• **What this task involves**:
Among these entries, how many lines have the string "Stockfoto" in them? Only the number is needed.

(Saved entries)

◆ ◆ ◆

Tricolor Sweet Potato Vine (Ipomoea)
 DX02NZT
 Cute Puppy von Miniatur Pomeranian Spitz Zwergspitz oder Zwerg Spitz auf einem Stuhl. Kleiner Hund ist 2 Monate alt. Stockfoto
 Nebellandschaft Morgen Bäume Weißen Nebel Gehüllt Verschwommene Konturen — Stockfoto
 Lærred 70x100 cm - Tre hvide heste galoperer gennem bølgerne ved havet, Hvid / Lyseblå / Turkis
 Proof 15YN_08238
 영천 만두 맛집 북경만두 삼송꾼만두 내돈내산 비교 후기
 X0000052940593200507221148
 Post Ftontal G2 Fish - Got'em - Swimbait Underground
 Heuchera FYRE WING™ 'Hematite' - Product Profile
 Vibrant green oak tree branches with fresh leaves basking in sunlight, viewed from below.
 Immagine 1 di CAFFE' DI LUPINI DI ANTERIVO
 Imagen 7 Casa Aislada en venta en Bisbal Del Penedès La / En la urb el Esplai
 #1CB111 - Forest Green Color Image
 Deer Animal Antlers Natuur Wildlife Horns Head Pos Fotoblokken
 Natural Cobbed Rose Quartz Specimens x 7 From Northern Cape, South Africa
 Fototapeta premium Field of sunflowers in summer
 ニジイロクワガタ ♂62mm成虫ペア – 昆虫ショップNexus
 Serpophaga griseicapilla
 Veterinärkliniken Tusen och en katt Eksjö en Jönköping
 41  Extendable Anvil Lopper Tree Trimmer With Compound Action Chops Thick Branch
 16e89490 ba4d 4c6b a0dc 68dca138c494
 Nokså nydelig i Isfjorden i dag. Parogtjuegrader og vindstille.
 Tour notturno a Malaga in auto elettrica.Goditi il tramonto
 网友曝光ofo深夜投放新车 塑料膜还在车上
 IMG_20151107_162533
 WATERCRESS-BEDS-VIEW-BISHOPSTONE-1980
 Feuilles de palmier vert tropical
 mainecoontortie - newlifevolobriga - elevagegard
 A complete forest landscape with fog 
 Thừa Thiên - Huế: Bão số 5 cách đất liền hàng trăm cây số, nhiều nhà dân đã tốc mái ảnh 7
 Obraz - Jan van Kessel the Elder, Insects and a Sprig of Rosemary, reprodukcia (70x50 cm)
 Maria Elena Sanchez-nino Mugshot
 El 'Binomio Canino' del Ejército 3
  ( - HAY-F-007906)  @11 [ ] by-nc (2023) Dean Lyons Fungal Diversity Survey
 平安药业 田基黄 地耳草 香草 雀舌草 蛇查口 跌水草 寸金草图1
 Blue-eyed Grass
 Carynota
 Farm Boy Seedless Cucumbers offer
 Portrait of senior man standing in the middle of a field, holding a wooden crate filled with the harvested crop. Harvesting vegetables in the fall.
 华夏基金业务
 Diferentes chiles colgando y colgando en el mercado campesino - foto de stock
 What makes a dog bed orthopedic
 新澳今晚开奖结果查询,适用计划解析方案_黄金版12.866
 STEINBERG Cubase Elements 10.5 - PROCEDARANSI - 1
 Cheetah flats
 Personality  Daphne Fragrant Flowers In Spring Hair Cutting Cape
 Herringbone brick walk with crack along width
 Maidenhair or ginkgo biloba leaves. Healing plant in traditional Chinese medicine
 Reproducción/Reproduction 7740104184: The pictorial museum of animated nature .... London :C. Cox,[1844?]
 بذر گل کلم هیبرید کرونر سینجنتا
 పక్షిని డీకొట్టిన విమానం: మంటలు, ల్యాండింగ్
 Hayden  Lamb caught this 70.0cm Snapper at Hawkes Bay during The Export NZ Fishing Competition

◆ ◆ ◆

• **Solution to the exercise**:
2